Pertama, Inovasi. Inovasi dalam birokrasi pemerintah telah dan akan selalu menjadi variabel utama dalam ketercapaian tujuan dari organisasi birokrasi pemerintah itu sendiri. Inovasi menjadi hal yang sangat penting ketika kebijakan fleksibilitas tempat kerja diimplementasikan. Tanpa adanya inovasi yang berarti, kebijakan fleksiblitas tempat kerja hanyalah isapan jempol belaka dan menjadi tak bermakna. Sebagai ilustrasi sederhana, bagaimana kebijakan fleksibilitas tempat kerja dapat terimplementasikan dengan baik jika seluruh SOP pekerjaan masih bersifat tradisional dan mengharuskan pegawai tersebut pergi ke kantor? Bagaimana mungkin kebijakan fleksibilitas tempat kerja dapat terimplementasi dengan baik jika para pegawai hanya mengulang-ulang pekerjaanya tanpa adanya inovasi yang lahir untuk memberi warna dalam pola kerja mereka? Tentu kondisi-kondisi tersebut amatlah kontraproduktif dengan tujuan kebijakan fleksibilitas tempat kerja sebagaimana tertuang dalam KMK 223/2020.

KMK 223/2020 juga menetapkan bahwa pegawai yang diutamakan untuk mendapatkan fleksibilitas tempat kerja, salah satunya, adalah pegawai yang memiliki tugas dan fungsi berkaitan dengan perumusan kebijakan atau rekomendasi kebijakan. Pegawai dengan tugas dan fungsi yang demikian tentu dituntut untuk semampu mungkin melahirkan inovasi-inovasi yang berkontribusi positif terhadap organisasi. Tanpa lahirnya inovasi dari perumus kebijakan tentu efektivitas dan efisiensi dari kebijakan fleksibilitas tempat kerja akan dipertanyakan.

Muhadjir Darwin (Kompas, 16/05/2020) menyatakan bahwa inovasi akan menjadi sebuah ideologi dunia, terlebih pasca pandemi Covid-19. Dirinya mencontohkan realitas saat ini yang menunjukkan bahwa negara yang melahirkan inovasi-inovasi dalam praktik penanganan Covid-19 dan mitigasi dampaknya lebih sukses dibanding dengan negara yang tidak melahirkan inovasi dalam menangani Covid-19. Lebih jauh dirinya juga menyatakan bahwa negara yang melahirkan inovasi dan sukses dalam melakukan mitigasi dampak yang ditimbulkan oleh Covid-19 akan menjadi epicentrum dunia pasca Covid-19. Birokrasi sebagai motor utama suatu pemerintahan dalam sebuah negara tentu memainkan peran yang amat vital dalam menopang eksistensi negaranya dalam persaingan global, maka inovasi menjadi satu hal harus tetap ditumbuhkembangkan terlepas di mana personil birokrasi tersebut bekerja. Bahkan semenjak Tahun 2017, OECD juga telah menengahkan tema besar bahwa inovasi dalam sektor pemerintahan adalah sebuah normal baru.

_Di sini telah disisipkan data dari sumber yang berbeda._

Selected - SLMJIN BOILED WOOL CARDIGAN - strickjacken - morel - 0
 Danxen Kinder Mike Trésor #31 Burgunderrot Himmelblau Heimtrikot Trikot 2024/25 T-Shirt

Kedua, Teknologi. Kebijakan fleksibilitas tempat kerja dengan teknologi informasi tentu merupakan dua hal yang tidak terpisahkan. Para pegawai yang mendapatkan fleksibilitas tempat kerja kiranya hanya dapat berkeja secara optimal jika sarana teknologi informasi tersedia dan termanfaatkan dengan baik. Salah satu kriteria yang mendapatkan prioritas untuk fleksibilitas tempat kerja yang tercantum dalam KMK 223/2020 adalah pekerjaan yang tugas dan fungsinya dapat dilakukan dengan menggunakan fasilitas daring. Variabel teknologi ini juga menjadi salah satu permasalahan yang menghambat implementasi kebijakan fleksibilitas tempat kerja, hal tersebut dikarenakan masih lemahnya koneksi internet di Indonesia, belum meratanya infrastruktur yang tersebar di seluruh Indonesia, dan keamanan data (Suarlan: 2018).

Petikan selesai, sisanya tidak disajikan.